SMASHING a car into a wall might not sound like art.
But that’s exactly what Italian sculptor Mario Merz did with his Simca 1000 in 1969.
Now, and for the first time in almost 30 years, the work called Automobile Pierced by Neon will go on display at the Henry Moore Institute in Leeds.
It is part of an exhibition called Mario Merz: What is to be done? which opens next month at the sculpture gallery in The Headrow.
The shows features 12 works created between 1966 to 1977 by the maverick artist who died in 2003 aged 78.
Communications manager Adelle Stripe said: “It’s a coup for us as it’s the first time in almost 30 years that he’s been exhibited in Britain.
“Mario Merz was imprisoned for his anti-facist views in 1942. It was while inside that he became an artist.
“He started doing complete drawings where he wouldn’t lift the pencil off the page until they were finished.

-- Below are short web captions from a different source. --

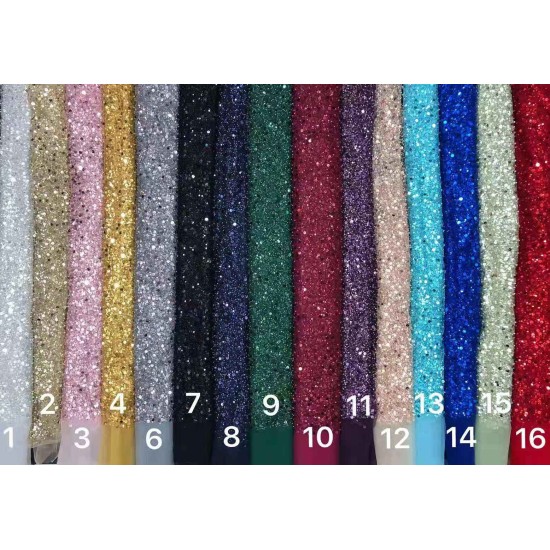 Stunning Long Sleeve High Neck Sequins Prom Dress Mermaid Long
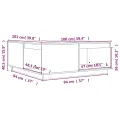 Table basse Noir 100x101x40,5 cm Bois massif de pin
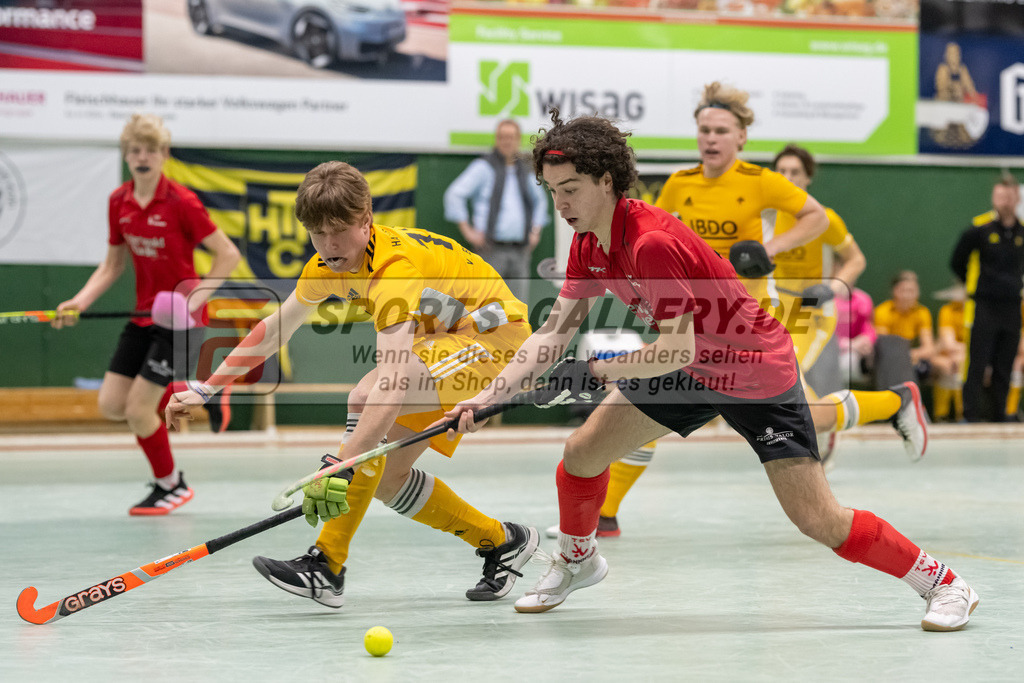 SFE_20230304_0019 | Deutsche Meisterschaft Männliche U16 Halle 2023 am 04.03.2023 in Köln (KTHC Stadion Rot-Weiss Köln Tennis and Hockey Club), Photo: Stephan Fehrmann 2022 (Sports-Gallery)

“Then he moved to sculpture and was part of the Arte Povera movement, which means Poverty Art, in the 1960s which was a loose grouping of Italian artists who got together after the Second World War.
“We are looking at his neon works. He was the first to use neon lighting in his sculpture which later inspired some of Tracey Emin’s works.
“Mario Merz drove the car across Italy then crashed it and put a neon light in it.
“We are currently arranging to bring it over but it’s quite fragile so it will be a very careful operation.”
It is the first major exhibition curated by Lisa Le Feuvre, the institute’s new head of sculpture studies.
And a film by Tacita Dean of Mario Merz shot shortly before his death will be shown in the institute’s Gallery 4 to show the man behind the art.
Ms Stripe said: “Mario Merz was kind of obsessed on naturally occurring numbers in nature, this was known in Italian as Fibonacci.
“I think it’s going to be a really interesting show and the use of neon will catch people’s imaginations.”